---------- ENTRIES SHOWN ----------
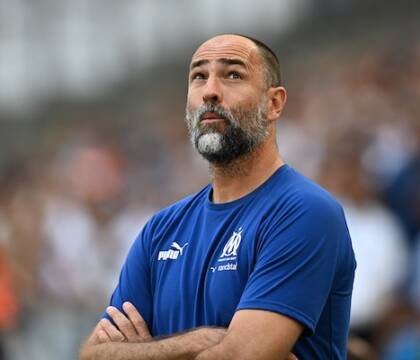 Tudor al Napoli, oggi l’annuncio (Gazzetta)
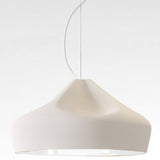 Marset Pleat Box Pendant Lamp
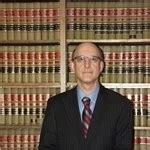 richard miller attorney albany ny|richard miller Albany ny.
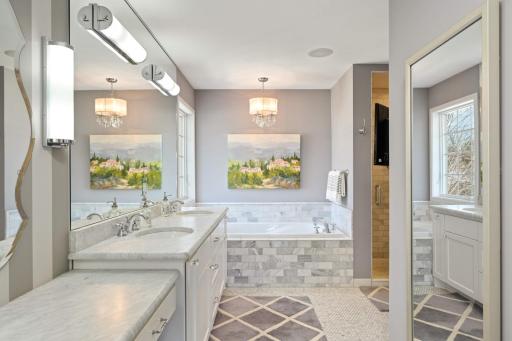 5536 Park Place, Edina, MN 55424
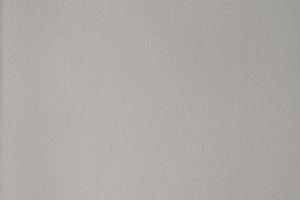 Papel de Parede Internacional Classic Design Ref.: G1806-1
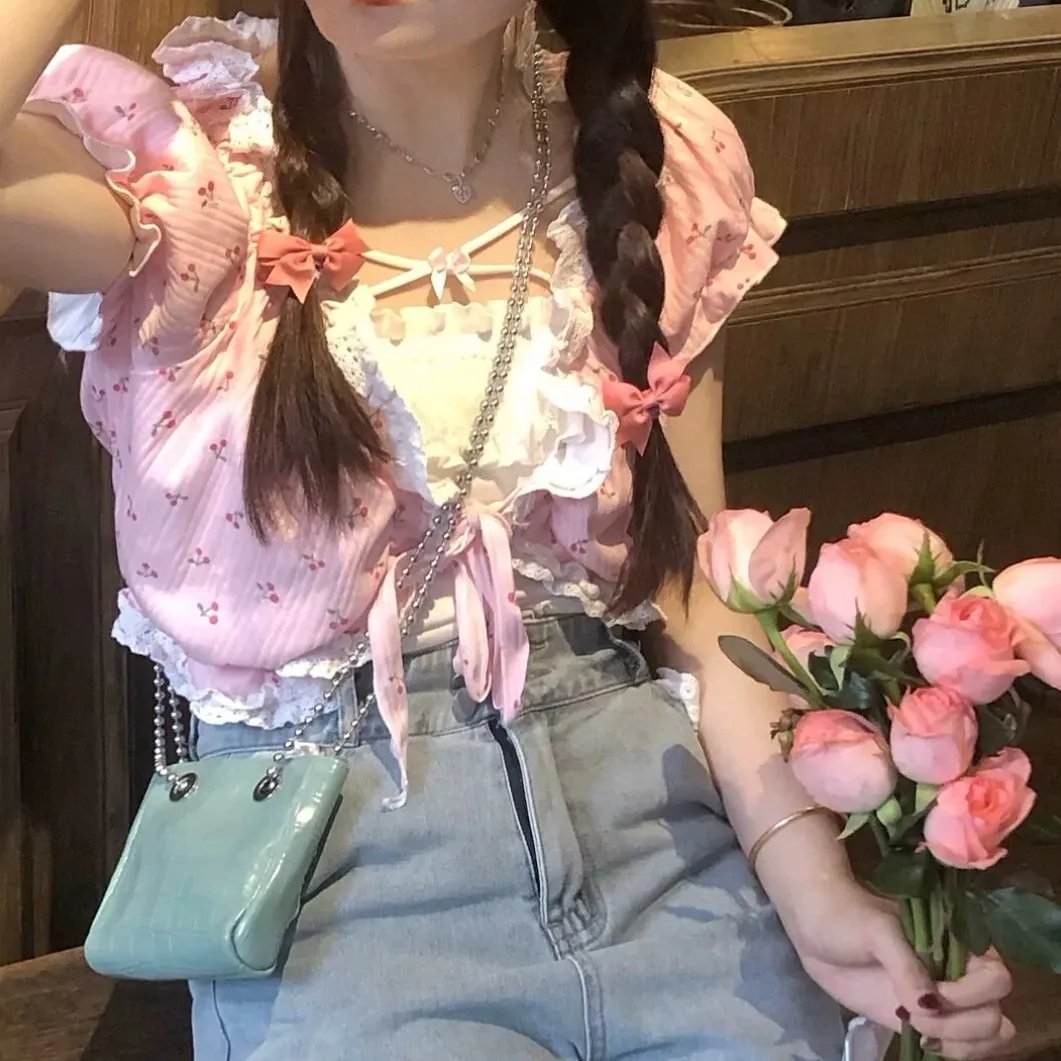 腌黄瓜先生第二季
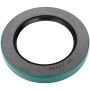 SKF 22493 SKF Seal 22493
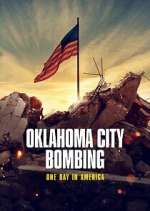 Watch Oklahoma City Bombing: One Day in America 0123movies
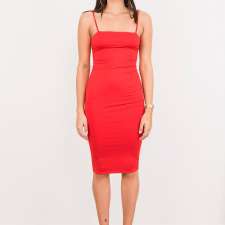 PARTY CLOTHES - Online Women’s Party Dresses & Clothes | 19 Epping Rd, Epping NSW 2121, Australia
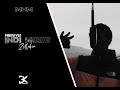 INDI MODE _Zellakin ( freestyle) feat director 2guns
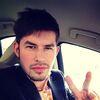   Sergey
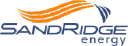 SD stock logo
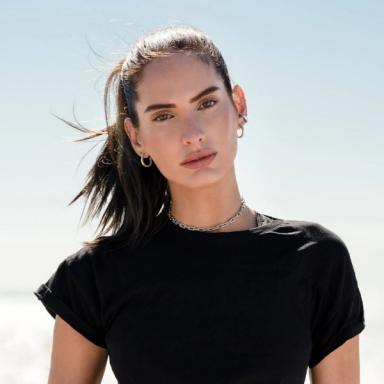 Photo of Lilly Palmer
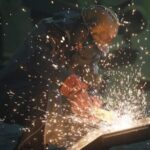 China_s_Manufacturing_Activity_Contracts_in_January_Amid_Seasonal_Factors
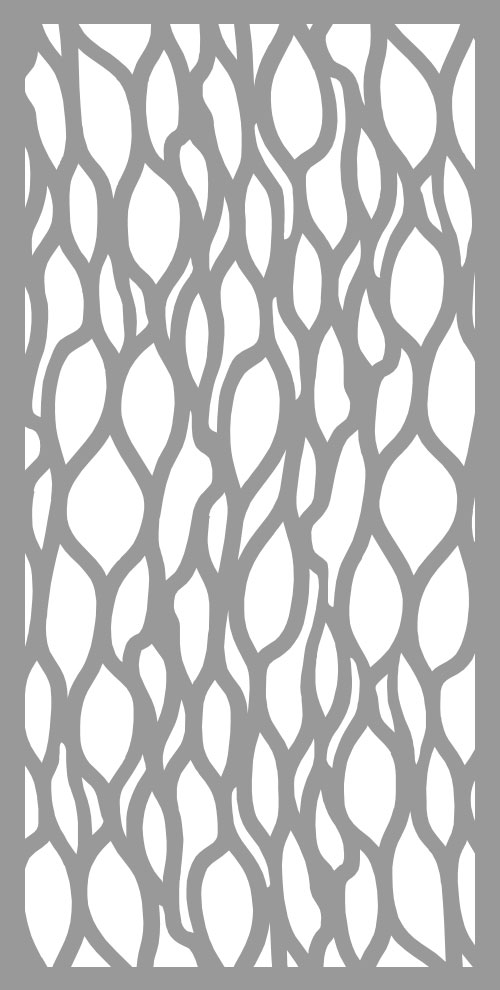 Panel AGG041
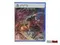 PS5 Blades of Fire Day One Edition (Новый, Русские субтитры, PPSA-26311)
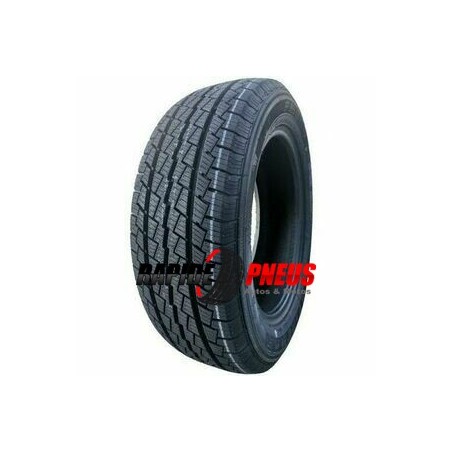 Firemax - FM809 - 205/70 R15C 106/104R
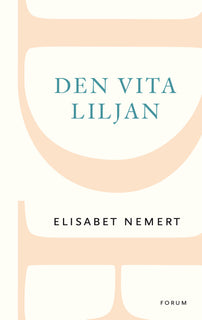 Den vita liljan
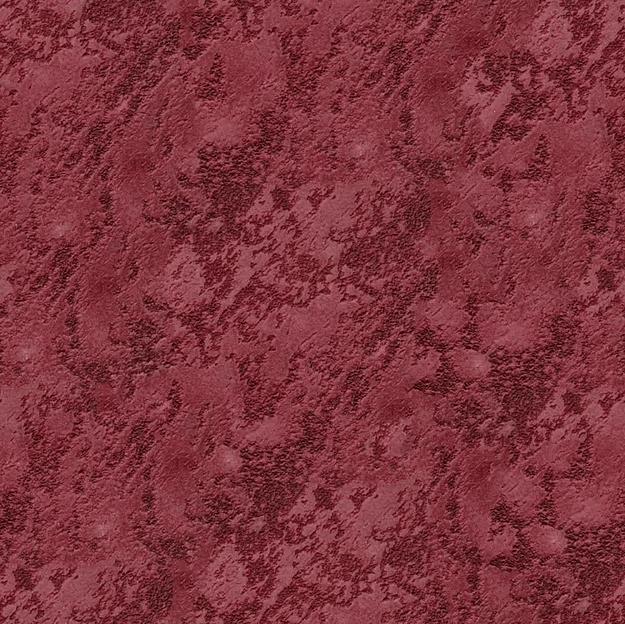 Декоративная штукатурка «Antico Milano Interior» с эффектом мрамора опт фото 3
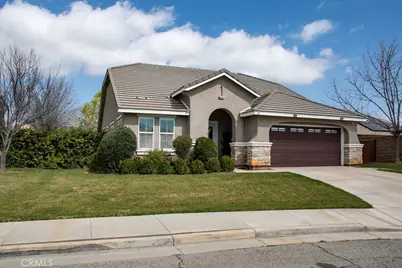 1394 Bouvardia, Beaumont, CA 92223 - Photo 3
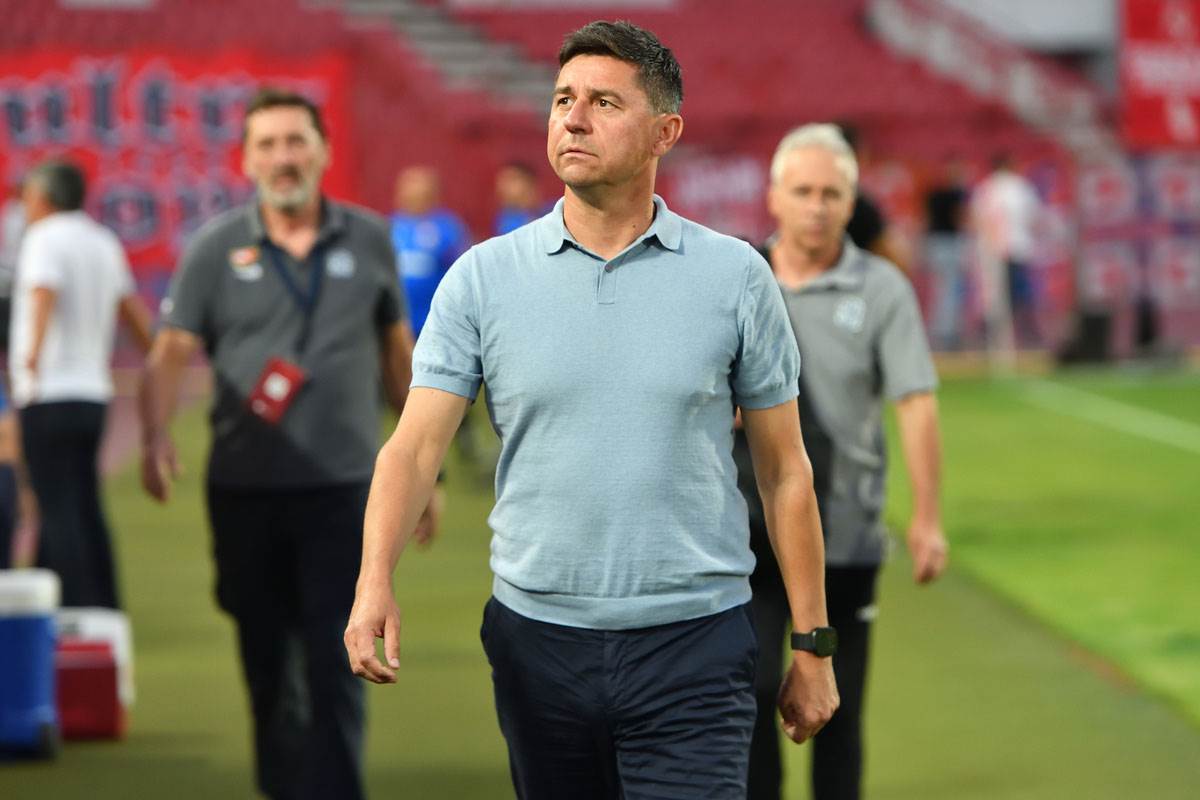 Darije Kalezić (2).jpg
----------
PROBLEM TO SOLVE:
Skipping the pictures, print the lines in the listing above exactly as written, starting at the line with "Watch Oklahoma City" and ending at the line with "PS5 Blades of", both included.

THE COMPLETED TASK:
 Watch Oklahoma City Bombing: One Day in America 0123movies
 PARTY CLOTHES - Online Women’s Party Dresses & Clothes | 19 Epping Rd, Epping NSW 2121, Australia
 INDI MODE _Zellakin ( freestyle) feat director 2guns
   Sergey
 SD stock logo
 Photo of Lilly Palmer
 China_s_Manufacturing_Activity_Contracts_in_January_Amid_Seasonal_Factors
 Panel AGG041
 PS5 Blades of Fire Day One Edition (Новый, Русские субтитры, PPSA-26311)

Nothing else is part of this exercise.